My advice for any Local Authority thinking of a refresh in the next year or so - hang on. It's worth it.
Kris Hoet from Microsoft Europe likes bloggers a lot, being one himself, and took me for a 40 minute spin of some of the features. Basically, Vista will turn PCs into Macs. Almost ;-) I loved the way you can flick through the windows open on the PC à la iTunes (see the picture) and the animated open and close of windows is similar to the way some of the dashboard functions on the Mac work. Oh, and it has it's own sort of pop out dashboard as well with all your useful bits ready for action.
Best of all, though, on a school organisational note, is the ability to tag files so that you can find them even more easily in the Spotlight-like 'live' search (as you type each letter of what you're looking for it updates the list of found files instantly - good, I presume, for those who do not touch type).
The kind of media centre, with integrated photos, music, video and so on will appeal to the family and granny market for all those holiday snaps and rips of the iLife package nicely, getting rid of some of its inefficiencies (changing music on a slideshow is a doddle).
At the rate I'm going through Macs (no. 1, no. 2 and no. 3 [no. 4 making funny hard disk noises already]) I might well consider getting a PC with Vista on board once they are released. Rick has some things to say on what could be better (the automatic updates are nice but seem a little late in the day) but overall, I've been impressed by Gates and co. this time.
Turn a pc into a mac, have you seen this David Pogue video. Raised a smile here.

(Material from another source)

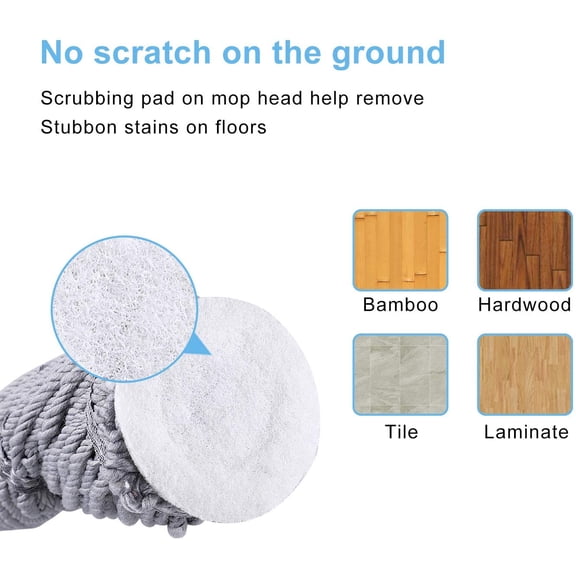 Twist Mop with 2 Reusable Microfiber Heads | Easy Wringing Mop | 57.5 Inch Long Handle | Floor Cleaning Mop for Hardwood, Tile, Vinyl and ()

Posted by: John | December 18, 2006 at 05:22 PM
Or you could switch to Linux. Get everything Vista does and more - for free. Check out this demo or search for "beryl" in google video/youtube for loads of clips. The clips show the eye candy, but the latest Linux distributions are serioulsy productive environments. I get most done when I'm running Linux.
Posted by: Robert Jones | December 18, 2006 at 05:48 PM
I'd love you to bring in a laptop running Linux and give me a spin. Until now it's only hearsay I've had - hardly the basis for me to make comparisons. Can that be my Chrissie present?

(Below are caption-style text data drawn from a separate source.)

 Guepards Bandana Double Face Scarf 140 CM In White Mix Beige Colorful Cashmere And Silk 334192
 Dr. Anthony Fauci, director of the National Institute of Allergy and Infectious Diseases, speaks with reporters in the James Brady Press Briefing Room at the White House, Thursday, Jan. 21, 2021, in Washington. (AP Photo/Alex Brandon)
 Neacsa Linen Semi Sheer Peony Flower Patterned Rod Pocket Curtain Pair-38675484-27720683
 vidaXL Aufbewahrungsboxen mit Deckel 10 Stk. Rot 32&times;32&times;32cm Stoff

Posted by: Ewan McIntosh | December 18, 2006 at 06:22 PM
If I could I would. I don't have a laptop running Linux unfortunately. If only ELC had ....but that's a different discussion!
You're welcome to pop in to my house in North Berwick and see my desktop in action any time :)

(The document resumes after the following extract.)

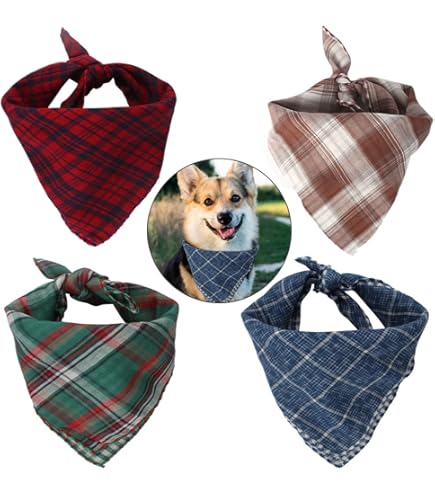 Lot De 2 Bandanas Pour Chien/chat - Coton-polyester à Carreaux Rouge Et Jaune | Taille Universelle Jusqu'à 15 Kg, Pour Noël Et Quotidien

Posted by: Robert Jones | December 18, 2006 at 07:11 PM
Hi Ewan,
I've ubuntu running on my 'masterclass' laptop, happy to let you play with it. (I lost windows in a partitioning accident;-)) Looks like a nice clean gui. I had some audacity woes, but browsing, blogging etc is fine. I think you might miss keynote. Best get a new macbook, Parallels and run as many OSes as you like. I am saving up.